[Python-Dev] The recursion checking problem

Sat Aug 30 22:06:00 CEST 2008

Hi,

I was working on a recursion overflow checking bug
(http://bugs.python.org/issue2548) and, while I've managed to produce a working
patch, I've also become uncomfortable with the very idea of trying to plug all
those holes just for the sake of plugging them. I'll try to explain why, by
describing the conflicting factors I've identified:

- more and more, we are adding calls to Py_EnterRecursiveCall() and
Py_LeaveRecursiveCall() all over the interpreter, to avoid special/obscure
cases of undetected infinite recursion; this can probably be considered a good
thing, but:

- after a recursion error has been raised (technically a RuntimeError), usually
some code has to do cleanup after noticing the exception; this cleanup now can
very easily bump into the recursion limit again, due to the point mentioned
above (the funniest example of this is PyErr_ExceptionMatches, which makes a
call to PyObject_IsSubclass which itself increases the recursion count because
__subclasscheck__ can be recursively invoked...).

- to counter the latter problem, py3k has introduced a somewhat smarter
mechanism (which I've tracked down to a commit in the defunct p3yk branch by
Martin): when the recursion limit is exceeded, a special flag named
"overflowed" is set in the thread state structure which disables the primary
recursion check, so that cleanup code has a bit of room to increase the
recursion count a bit. A secondary recursion check exists (equal to the primary
one /plus/ 50) and, if it is reached, the interpreter aborts with a fatal error.
The "overflowed" flag is cleared when the recursion count drops below the
primary recursion limit /minus/ 50. Now it looks rather smart but:

- unfortunately, some functions inside the interpreter discard every exception
by design.

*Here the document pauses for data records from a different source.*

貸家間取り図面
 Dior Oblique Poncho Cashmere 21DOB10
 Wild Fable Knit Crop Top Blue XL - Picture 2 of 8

The primary example is PyDict_GetItem(), which is certainly used
quite a lot :-)... When PyDict_GetItem() returns NULL, the caller can only
assume that the key isn't in the dict, it has no way to know that there was a
critical problem due to a recursion overflow.

I encountered the latter problem when trying to backport the py3k recursion
overflow algorithm to trunk. A fatal error suddenly appeared in test_cpickle,
and it turned out that the recursion count was exceeded in
PyObject_RichCompare(), the error was then cleared in PyDict_GetItem(), but the
"overflowed" flag was still set so that a subsequent recursion overflow would
trigger the secondary check and lead to the fatal error.

I guess that, if it doesn't happen in py3k, it's just by chance: the recursion
overflow is probably happening at another point where errors don't get
discarded. Indeed, the failure I got on trunk was manifesting itself when
running "regrtest.py test_cpickle" but not directly "test_cpickle.py"... which
shows how delicate the recursion mechanism has become.

My attempt to solve the latter problem while still backporting the py3k scheme
involves clearing the "overflowed" flag in PyErr_Clear(). This makes all tests
pass ok, but also means the "overflowed" flag loses a lot of its meaning...
since PyErr_Clear() is called in a lot of places (and, especially, in
PyDict_GetItem()).

Also, at this point I fear that the solution to the problem is becoming,
because of its complexity, perhaps worse than the problem itself. That's why
I'm bringing it here, to have your opinion.

(I also suggest that we stop trying to fix recursion checking bugs until the
stable release, so as to give us some time to do the Right Thing later - if
there is such a thing)

Regards

Antoine.